▶ **The task**: Skip the pictures. Return exactly the lines from the one containing "#urine men #blood" through the end of the entries below.

▶ **Dataset entries**:

- - -

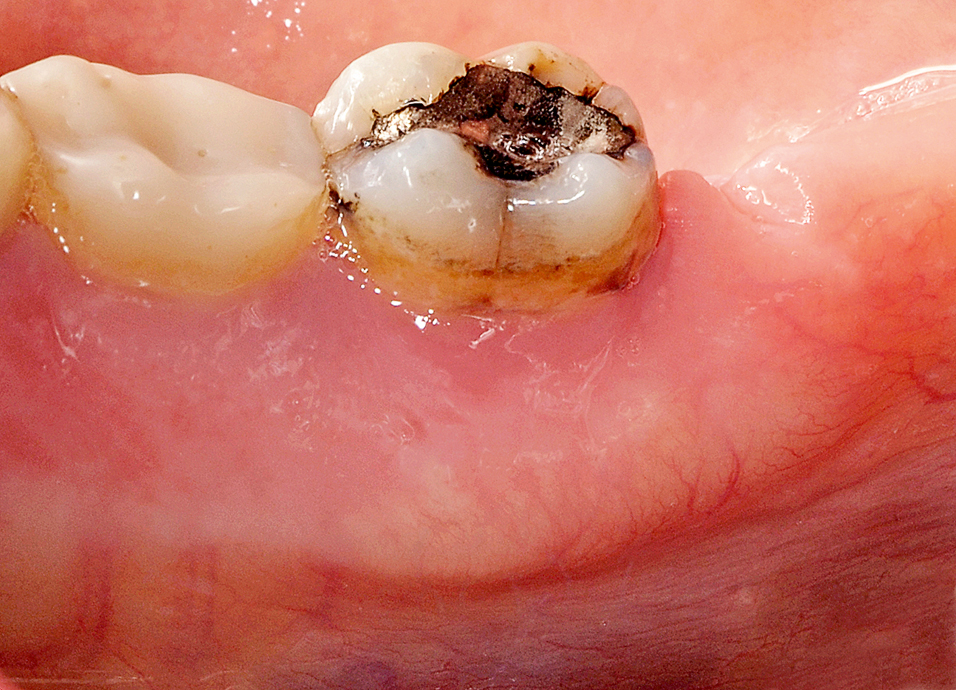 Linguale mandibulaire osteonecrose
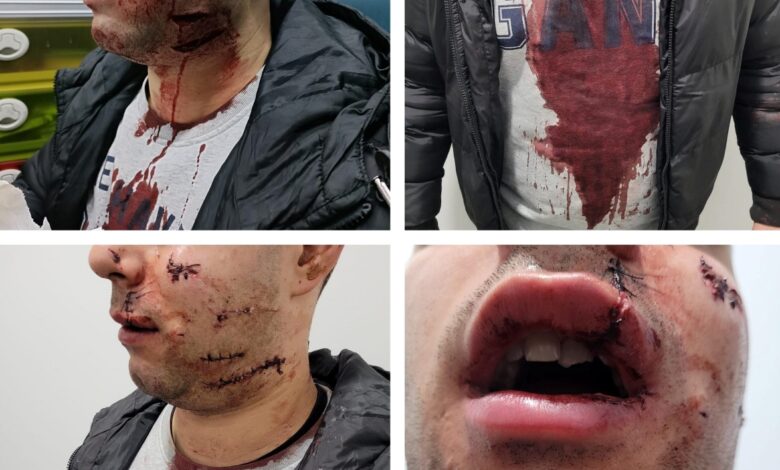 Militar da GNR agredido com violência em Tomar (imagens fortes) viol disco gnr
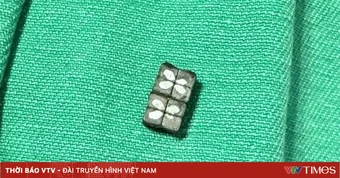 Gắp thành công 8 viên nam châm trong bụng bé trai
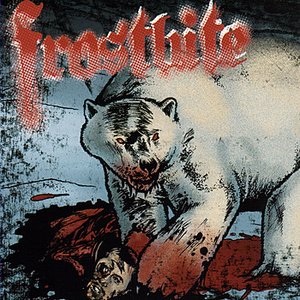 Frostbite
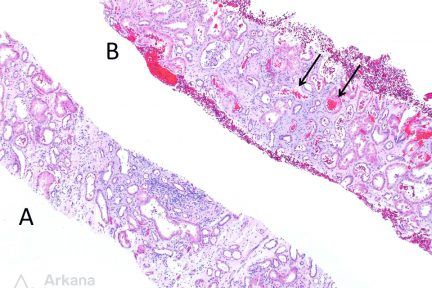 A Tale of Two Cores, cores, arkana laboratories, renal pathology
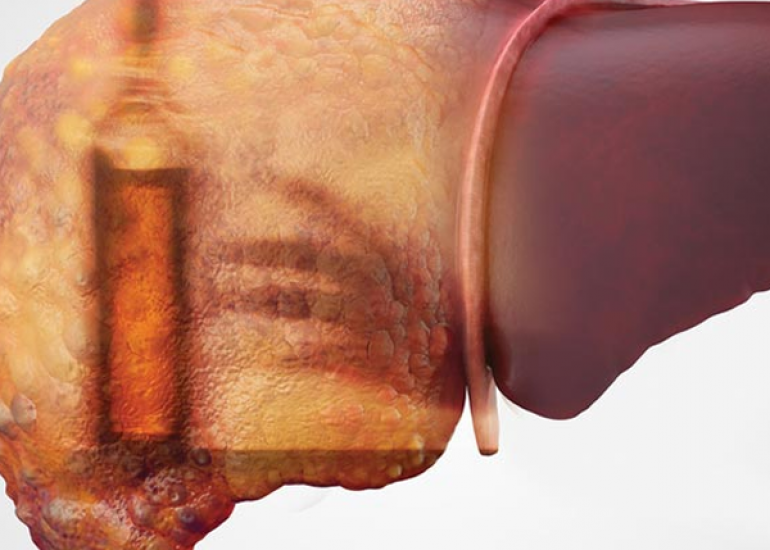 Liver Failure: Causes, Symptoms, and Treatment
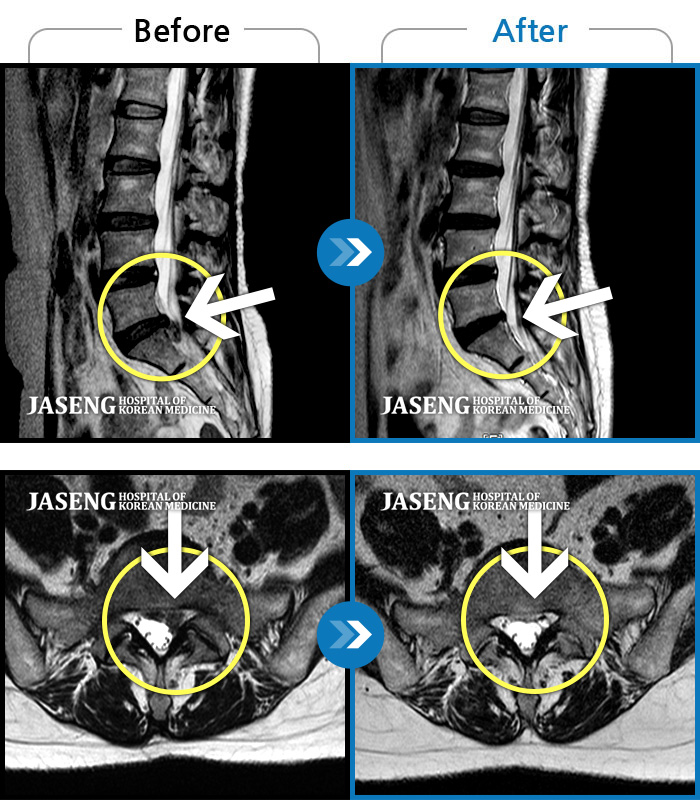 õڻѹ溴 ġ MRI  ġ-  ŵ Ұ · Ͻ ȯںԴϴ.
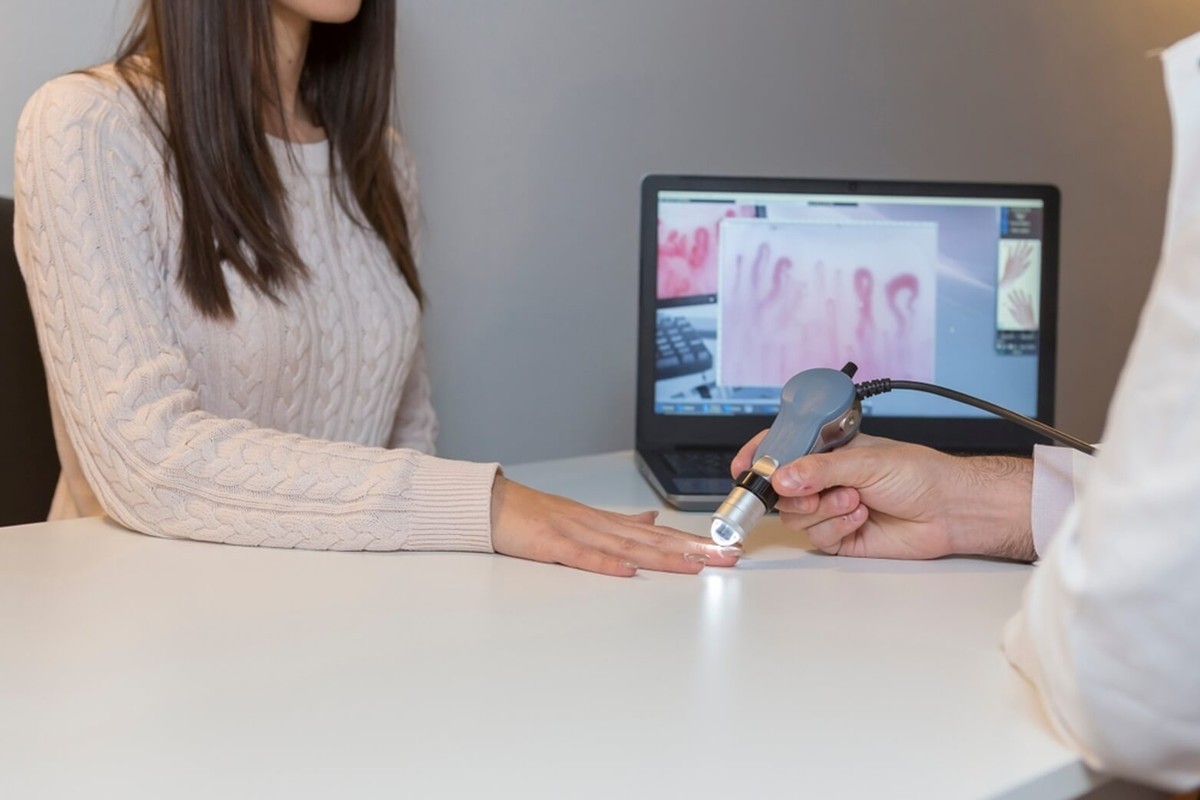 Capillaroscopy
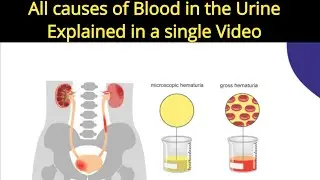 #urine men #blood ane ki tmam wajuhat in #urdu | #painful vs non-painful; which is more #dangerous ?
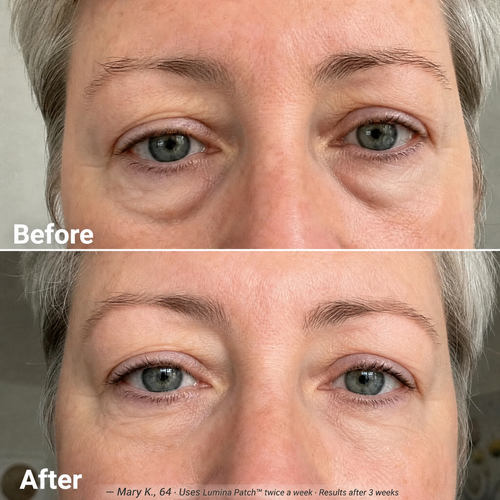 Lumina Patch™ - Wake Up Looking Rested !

- - -

▶ **Solution**:
 #urine men #blood ane ki tmam wajuhat in #urdu | #painful vs non-painful; which is more #dangerous ?
 Lumina Patch™ - Wake Up Looking Rested !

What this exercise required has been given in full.